Under Rule 12(b)(6), the court must assume the truth of plaintiff's well-pleaded facts and draw all reasonable inferences from them in the light most favorable to plaintiff. Western Watershed Project v. Michael, 869 F.3d 1189, 1193 (10th Cir.2017). To overcome a motion to dismiss, a complaint must plead facts sufficient to state a claim to relief that is plausible on its face. Sylvia v. Wisler, 875 F.3d 1307, 1313 (10th Cir.2017). A claim is facially plausible if the plaintiff has pled factual content that allows the court to draw the reasonable inference that the defendant is liable for the misconduct alleged. Id. The degree of specificity necessary to establish plausibility and fair notice depends on context, because what constitutes fair notice under Rule 8(a)(2) F.R.Cv.P. depends on the type of case. Robbins v. Oklahoma, 519 F.3d 1242, 1248 (10th Cir.2008).
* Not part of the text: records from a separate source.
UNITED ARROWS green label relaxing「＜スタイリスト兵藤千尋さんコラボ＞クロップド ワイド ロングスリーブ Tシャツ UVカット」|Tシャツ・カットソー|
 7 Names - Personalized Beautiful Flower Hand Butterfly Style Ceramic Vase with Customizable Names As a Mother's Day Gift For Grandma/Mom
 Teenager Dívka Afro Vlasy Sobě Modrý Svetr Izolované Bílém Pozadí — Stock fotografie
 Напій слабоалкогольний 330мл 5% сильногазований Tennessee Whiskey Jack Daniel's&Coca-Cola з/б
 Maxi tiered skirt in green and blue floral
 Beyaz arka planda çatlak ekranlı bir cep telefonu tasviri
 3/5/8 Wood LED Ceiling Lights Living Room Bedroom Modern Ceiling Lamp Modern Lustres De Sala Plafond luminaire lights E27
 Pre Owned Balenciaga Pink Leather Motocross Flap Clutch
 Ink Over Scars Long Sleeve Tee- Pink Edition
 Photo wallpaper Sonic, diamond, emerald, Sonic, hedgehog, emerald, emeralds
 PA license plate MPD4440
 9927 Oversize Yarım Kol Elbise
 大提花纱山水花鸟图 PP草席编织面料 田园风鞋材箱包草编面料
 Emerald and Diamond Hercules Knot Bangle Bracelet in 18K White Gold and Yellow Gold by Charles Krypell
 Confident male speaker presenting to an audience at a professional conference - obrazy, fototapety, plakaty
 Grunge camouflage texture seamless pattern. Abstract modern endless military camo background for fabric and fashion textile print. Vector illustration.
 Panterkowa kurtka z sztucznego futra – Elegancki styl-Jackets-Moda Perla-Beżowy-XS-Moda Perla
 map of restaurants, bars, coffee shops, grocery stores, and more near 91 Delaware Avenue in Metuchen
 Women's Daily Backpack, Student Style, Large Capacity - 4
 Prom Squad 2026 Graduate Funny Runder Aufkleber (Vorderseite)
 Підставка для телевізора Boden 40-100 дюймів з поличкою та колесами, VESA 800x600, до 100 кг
In a case against multiple defendants, “it is particularly important . . . that the complaint make clear exactly who is alleged to have done what to whom, to provide each individual with fair notice as to the basis of the claims against him or her, as distinguished from collective allegations....” Id. at 1250 (emphasis in original).
Rule 8(a)(2) F.R.Cv.P. still lives. Under Rule 8, specific facts are not necessary; the statement need only give the defendant fair notice of what the claim is and the grounds upon which it rests. Khalik v. United Air Lines, 671 F.3d 1188, 1191 (10th Cir.2012). While the Rule 12(b)(6) standard does not require that plaintiff establish a prima facie case in his complaint, the elements of each cause of action help to determine whether plaintiff has set forth a plausible claim. Id. at 1192.
Plaintiff's first claim for relief, asserted against all defendants, is for violation of 42 U.S.C. §1981, with plaintiff seeking redress pursuant to 42 U.S.C. §1983. The elements of a §1981 discrimination claim are (1) that the plaintiff is a member of a protected class; that the defendant had the intent to discriminate on the basis of race; and (3) that the discrimination interfered with a protected activity as defined in §1981. Handy v. Maximus Inc., 2022 WL 405460, *2 (10th Cir.2022). The elements of a prima facie case have been stated as follows: (1) the victim belongs to a class protected by §1981, (2) the victim suffered an adverse employment action, and (3) the challenged action took place under circumstances giving rise to an inference of discrimination. Throupe v. Univ. of Denver, 988 F.3d 1243, 1252 (10th Cir.2021).
Section 1983 provides “the exclusive federal . . . remedy for the violation of the rights guaranteed by §1981 when the claim is pressed against a state actor.” Jett v. Dall. Indep. Sch. Dist., 491 U.S. 701, 735 (1989). It appears the Tenth Circuit has not addressed the application of Jett to state actor defendants sued in their individual capacities, as opposed to entity state actors. See, e.g., McCormick v. Miami Univ., 693 F.3d 654, 660 (6th Cir.2012)(“[W]e have not addressed whether Jett bars a §1981 claim against an individual state actor sued in his or her individual capacity. We now hold that it does”).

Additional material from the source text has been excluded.